Exactly the lines from the one containing "The Bunion Relief" through the one containing "It takes 0 second" in the listing below are to be copied, with the pictures left out.

--- Records for the task Enclosed Below ---

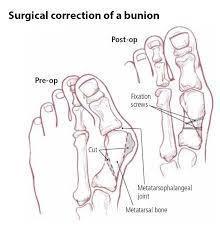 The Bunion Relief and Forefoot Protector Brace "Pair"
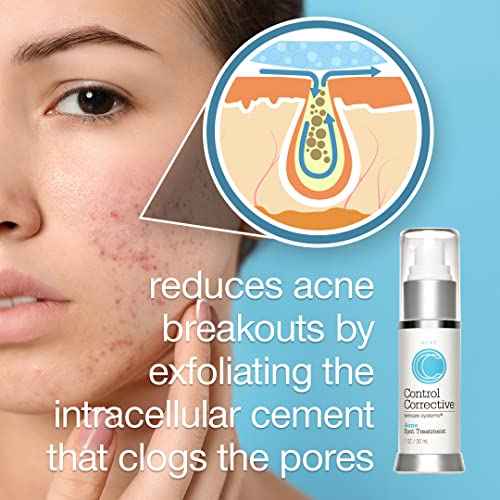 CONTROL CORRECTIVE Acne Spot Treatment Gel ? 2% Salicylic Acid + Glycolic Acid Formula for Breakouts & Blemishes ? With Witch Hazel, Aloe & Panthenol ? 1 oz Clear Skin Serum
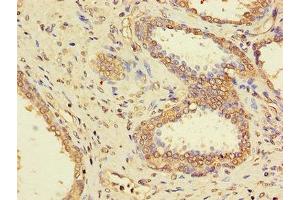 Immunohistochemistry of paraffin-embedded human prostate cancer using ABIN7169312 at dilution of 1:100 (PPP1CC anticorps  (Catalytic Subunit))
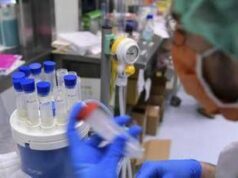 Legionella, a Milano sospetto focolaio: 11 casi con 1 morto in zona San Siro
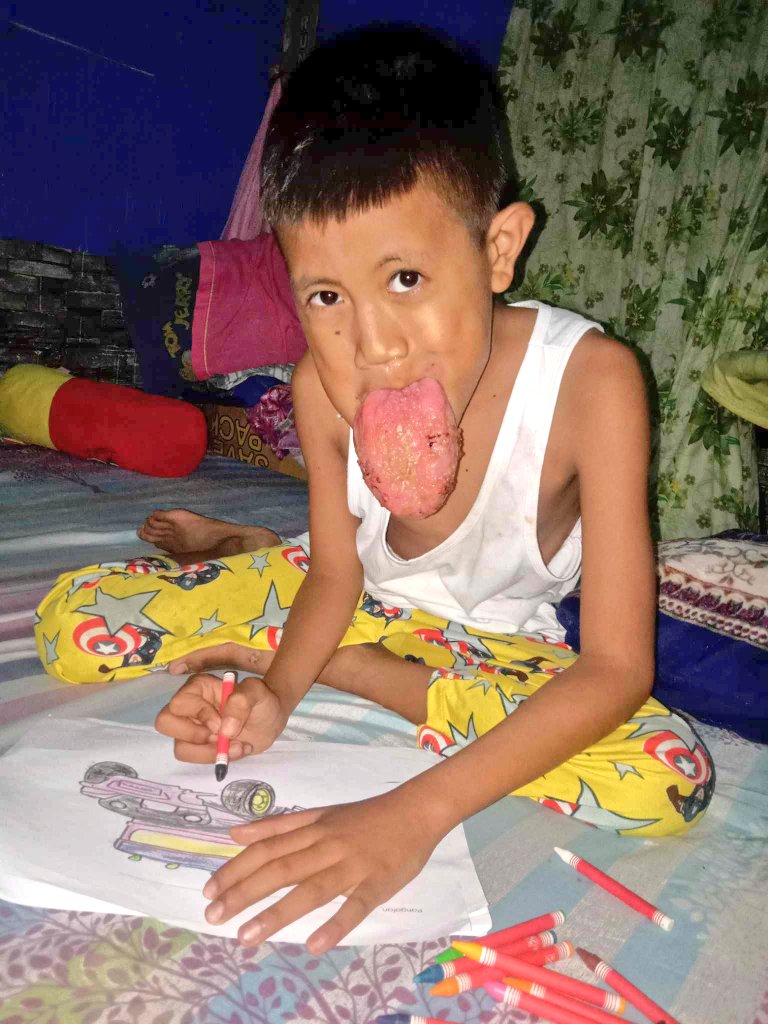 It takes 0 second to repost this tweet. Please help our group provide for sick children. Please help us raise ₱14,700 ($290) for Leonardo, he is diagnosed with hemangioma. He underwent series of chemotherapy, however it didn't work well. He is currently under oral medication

--- End of Enclosed Records for the task ---
--- Records for the task Enclosed Below ---

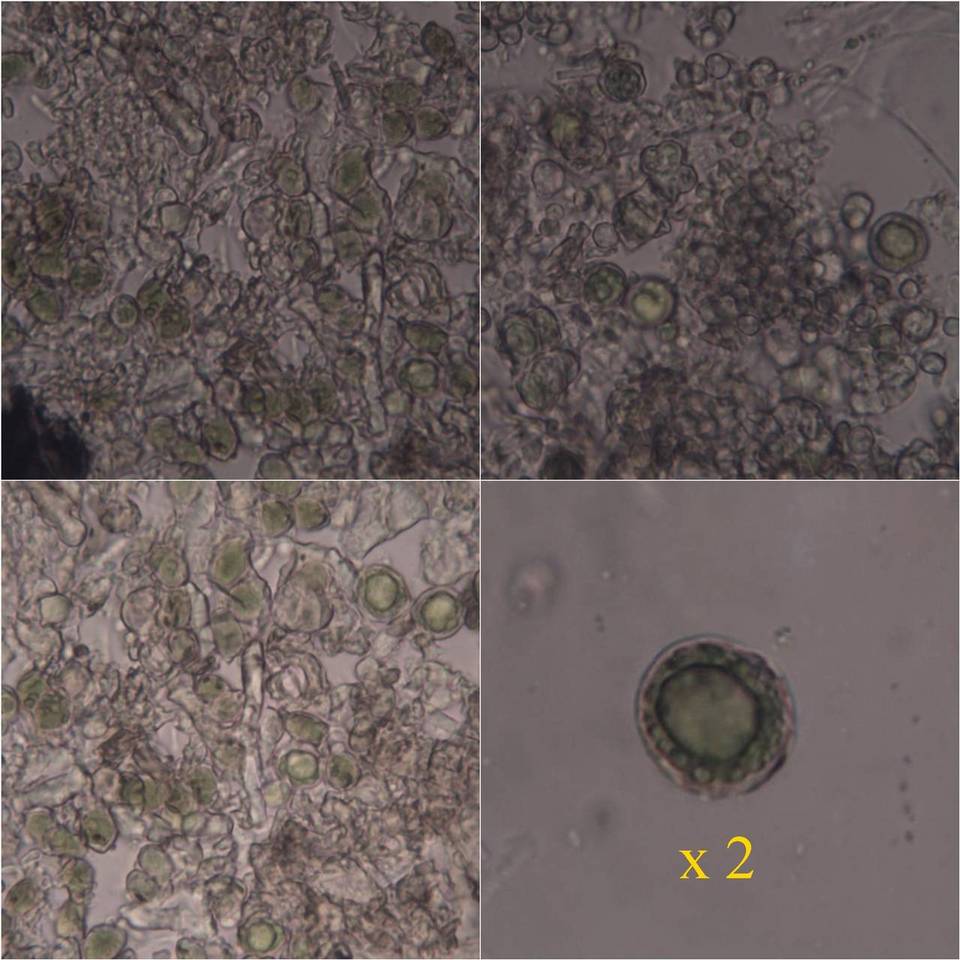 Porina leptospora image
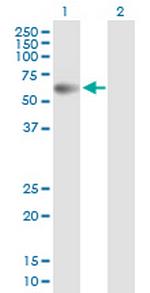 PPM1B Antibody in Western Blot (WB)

--- End of Enclosed Records for the task ---

#### Expected output:
 The Bunion Relief and Forefoot Protector Brace "Pair"
 CONTROL CORRECTIVE Acne Spot Treatment Gel ? 2% Salicylic Acid + Glycolic Acid Formula for Breakouts & Blemishes ? With Witch Hazel, Aloe & Panthenol ? 1 oz Clear Skin Serum
 Immunohistochemistry of paraffin-embedded human prostate cancer using ABIN7169312 at dilution of 1:100 (PPP1CC anticorps  (Catalytic Subunit))
 Legionella, a Milano sospetto focolaio: 11 casi con 1 morto in zona San Siro
 It takes 0 second to repost this tweet. Please help our group provide for sick children. Please help us raise ₱14,700 ($290) for Leonardo, he is diagnosed with hemangioma. He underwent series of chemotherapy, however it didn't work well. He is currently under oral medication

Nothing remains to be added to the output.